Parts of the Trump administration’s new transgender military policy have been blocked by a federal court. On Monday, a judge on the U.S. District Court for the District of Columbia ruled a directive issued by the president cannot be enforced while a case disputing the policy change is under court review.

In June of 2016, the policy included a directive that said transgender service members could serve openly, and would not be discharged solely for being transgender individuals. A second procedure set forth by the Department of Defense Instruction (DoDI) detailed the procedures that would facilitate a service member transitioning genders.

Just over a year later, President Donald J. Trump announced that he intended to reverse the policy. In August, he signed a presidential memo that banned transgender people from serving in the military in any capacity, and further prohibited the military from paying for gender transition surgery. The ban also prevented new transgender recruits from enlisting.

The president’s decision prompted a lawsuit against the administration, brought by GLAAD and the National Center for Lesbian Rights, on behalf of six unnamed service members and two recruits.

According to Monday’s decision, the military cannot remove transgender service members and it must continue to provide medical care for them, although recruitment of transgender troops is still delayed until Jan. 1, and the ban on funds for gender reassignment surgery remains in place.

The preliminary injunction against the ban came in the form of a 76-page memo by Judge Colleen Kollar-Kotelly, who felt that the plaintiffs will likely succeed in their case as the transgender ban violates the Fifth Amendment right to due process.

The judge wrote: “The court finds that a number of factors—including the sheer breadth of the exclusion ordered by the directives, the unusual circumstances surrounding the President’s announcement of them, the fact that the reasons given for them do not appear to be supported by any facts, and the recent rejection of those reasons by the military itself — strongly suggest that Plaintiffs’ Fifth Amendment claim is meritorious.”

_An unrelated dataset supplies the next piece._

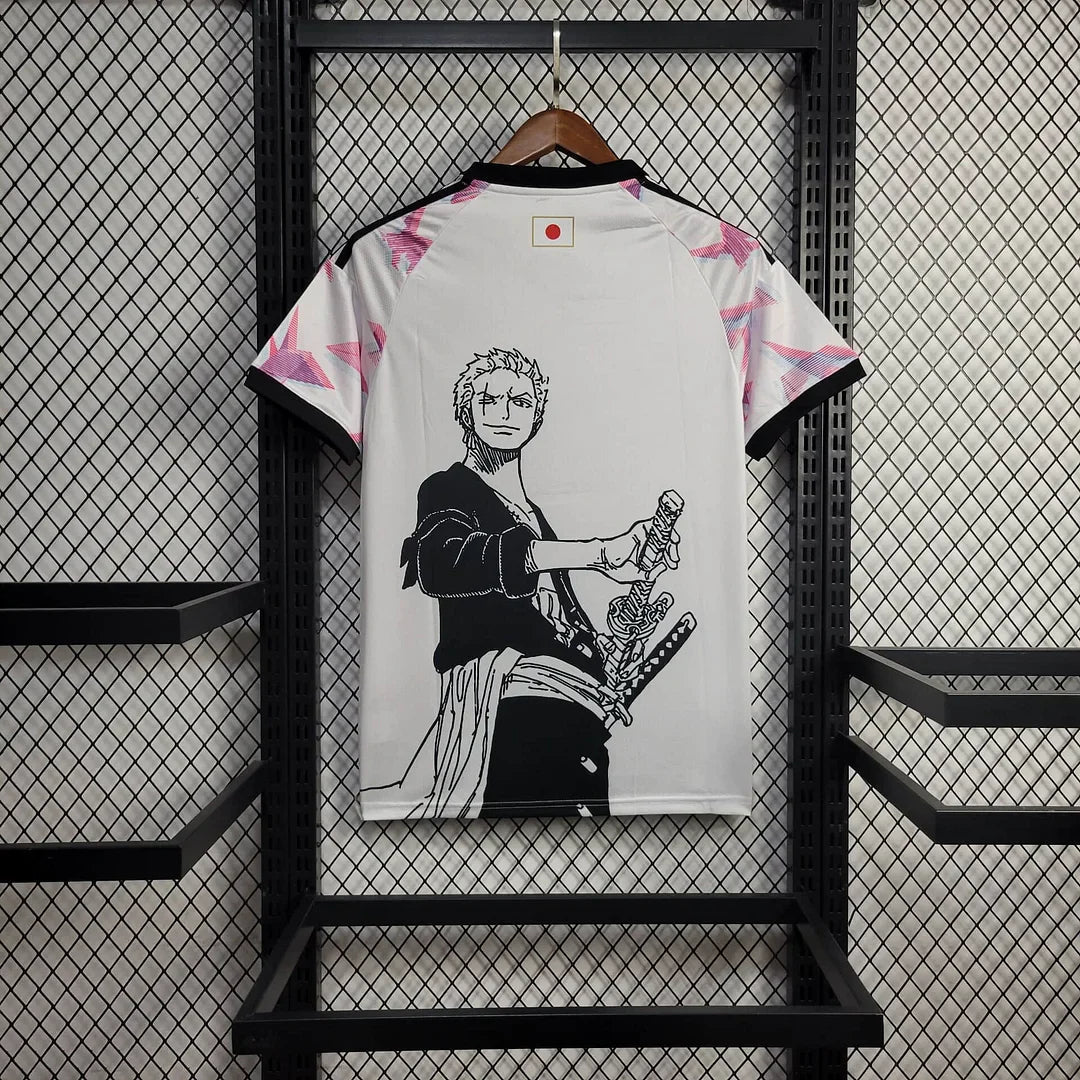 Japan 2024 One Piece Special Jersey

The president’s memo gave Defense Secretary James Mattis six months to decide the fate of transgender troops currently serving. The government says the case should be dismissed because as of now, no service member will be discharged and the plaintiffs have not been affected by the policy.

Kollar-Kotelly felt the government’s arguments for dismissal were lacking.

“The memorandum unequivocally directs the military to prohibit indefinitely the accession of transgender individuals and to authorize their discharge,” she wrote. “This decision has already been made. These directives must be executed by a date certain, and there is no reason to believe that they will not be executed. Plaintiffs have established that they will be injured by these directives, due both to the inherent inequality they impose, and the risk of discharge and denial of accession that they engender.”